## Task brief:
Look below for the line with "En hand i handske" and the line with "女人经常刮痧原来有这么多的好处"; repeat exactly those two lines and all lines between them, but no pictures.

## Data to examine:
● ● ● ● ● ● ●

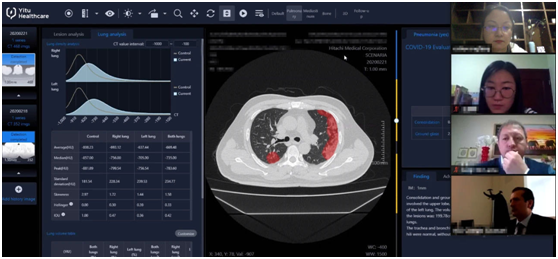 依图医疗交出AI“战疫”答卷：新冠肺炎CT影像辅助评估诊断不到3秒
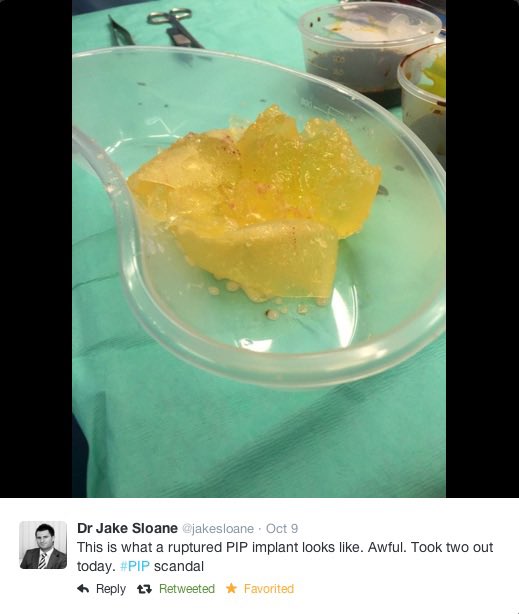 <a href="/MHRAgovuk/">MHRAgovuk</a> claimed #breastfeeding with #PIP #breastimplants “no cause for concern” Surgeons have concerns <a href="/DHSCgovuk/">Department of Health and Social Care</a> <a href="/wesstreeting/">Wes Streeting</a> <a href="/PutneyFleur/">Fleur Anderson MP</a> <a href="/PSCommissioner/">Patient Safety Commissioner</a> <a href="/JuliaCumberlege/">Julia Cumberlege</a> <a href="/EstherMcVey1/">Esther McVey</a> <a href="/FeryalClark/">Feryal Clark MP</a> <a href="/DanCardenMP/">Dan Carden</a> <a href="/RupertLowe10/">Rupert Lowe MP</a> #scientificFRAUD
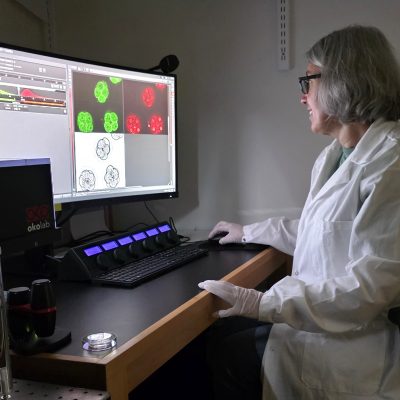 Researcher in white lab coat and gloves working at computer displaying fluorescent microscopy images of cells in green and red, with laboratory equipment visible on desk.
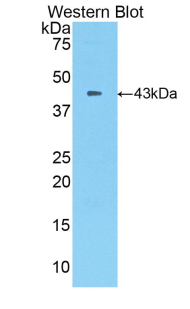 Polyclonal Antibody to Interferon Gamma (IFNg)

● ● ● ● ● ● ●

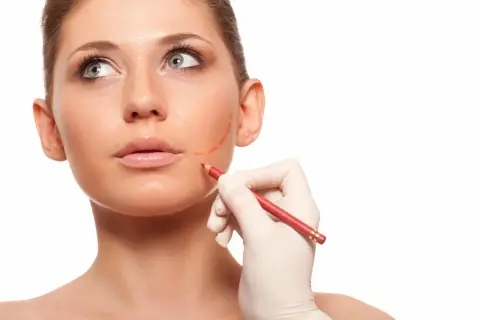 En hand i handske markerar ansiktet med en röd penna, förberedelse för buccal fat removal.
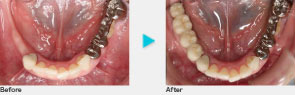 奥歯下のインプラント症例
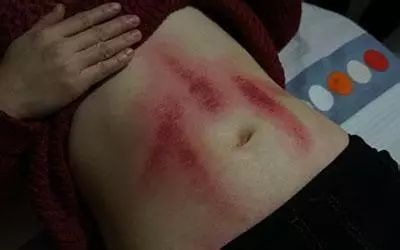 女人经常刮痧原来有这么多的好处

● ● ● ● ● ● ●

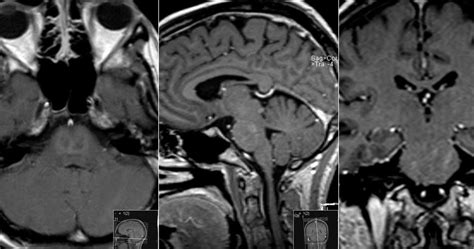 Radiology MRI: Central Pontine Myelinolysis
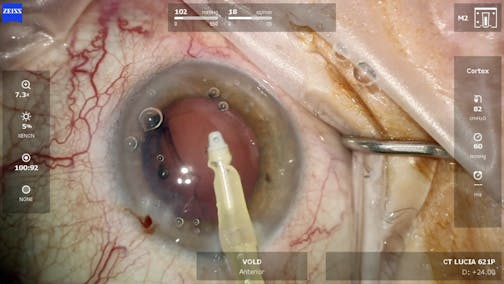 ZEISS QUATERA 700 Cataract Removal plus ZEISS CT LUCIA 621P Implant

● ● ● ● ● ● ●

## Solution to this problem:
 En hand i handske markerar ansiktet med en röd penna, förberedelse för buccal fat removal.
 奥歯下のインプラント症例
 女人经常刮痧原来有这么多的好处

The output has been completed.